The problem with meeting people with you was that when you went away, so did the connection to the other people. Girlfriends weren't as interesting the next day when you weren't around. And my peers? I didn't, or couldn't hang with them unless you were there to give me something interesting to say, or to stay interested in what they had to say.
You helped me make many promises and also helped me break them all. Well not all, just the really important ones. Oh yea, did I ever tell you what a mess we made of my family life? Yea, that's been a roller coaster for the last 12 years. Amazing that I'm not divorsed. All the nights coming home drunk and claiming to be just a little buzzed. Boy I got good at that. Or at least I thought I was good at it. In reality everyone knew I was drunk, but I thought I was pulling the wool over their eyes. I put you before everything else, my wife, my kids, my job, my bills, my responibilites. Everything took a back seat to my relationship with you, yet somehow everything and everyone that mattered stuck with me through it all. Even when we had to move because I got us so behind on rent we were about to be evicted. Even when I got pulled over drunk and finally actually got a DUI everyone stuck by me. I thought my wife was going to leave me for sure then, but she didn't.

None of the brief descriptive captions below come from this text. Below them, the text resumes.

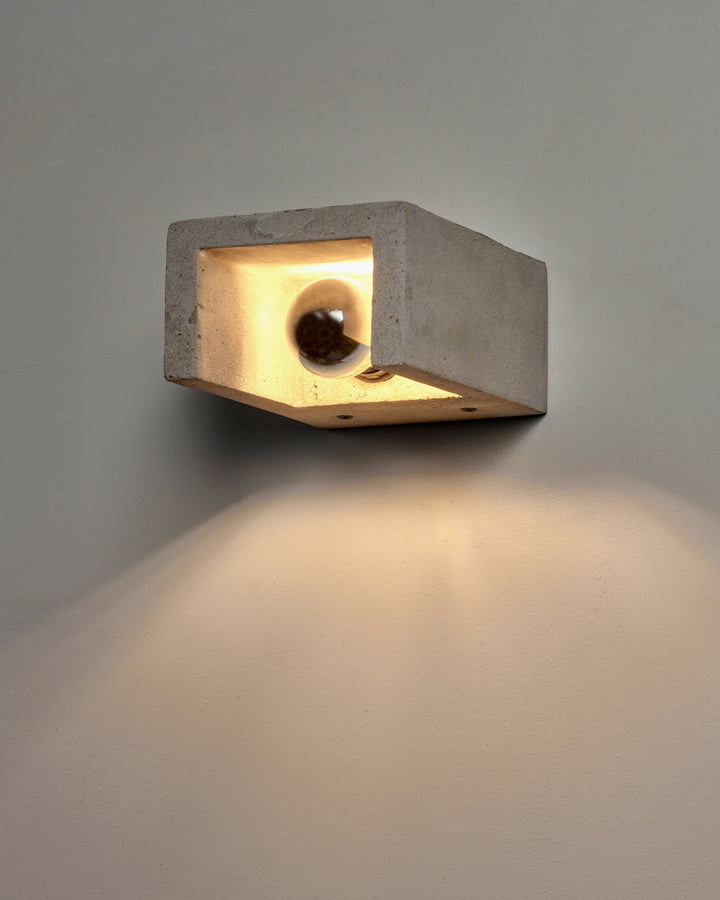 Serax - Thijs Prinsen - Wandlamp °2 Beton Primary Shape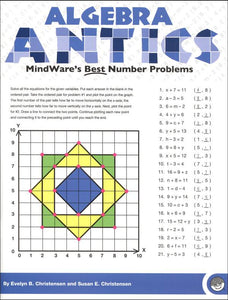 Algebra Antics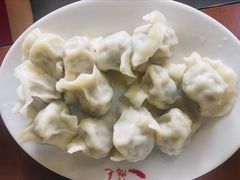 扁豆猪肉馅-鸿毛饺子(紫竹桥店)
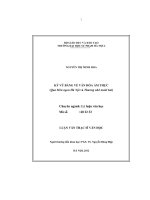 Ký Vũ Bằng về văn hoá ẩm thực (Qua Món ngon Hà Nội và Thương nhớ mười hai)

So now I'm living by myself and my kids and wife live across town. I get to see them pretty often, which is nice. I have a lot of work to do to get back all of the things I threw away with you. The first thing is to get rid of you. Yea, that's right alcohol, you will never cloud my judgment again. Oh, don't be sad, there are pleanty of others out there that you can latch onto to survive, but I am now choosing to live, not just survive, and there is no place in my life for you anymore.
Now I have other things in my life to help me live. I go to meetings with a bunch of other ex-drunks whose lives you touched in much the same way as you touched mine. I have a higher power to help me when I am feeling weak, and who is willing to help me along the way any and everytime I need him. I longer need you for that. You never helped me anyway. I started talking with my mom and dad again. Remember them? Yea they are the ones that I ignored for all those years while being with you. And Barry and Cheri, yea they're back too.
So now you're gone I can move on with my life in a positive direction. I can rebuild my relationship with my wife and just maybe we can all live together as a family again. No, you're not invited, so don't even ask. I'm done with you.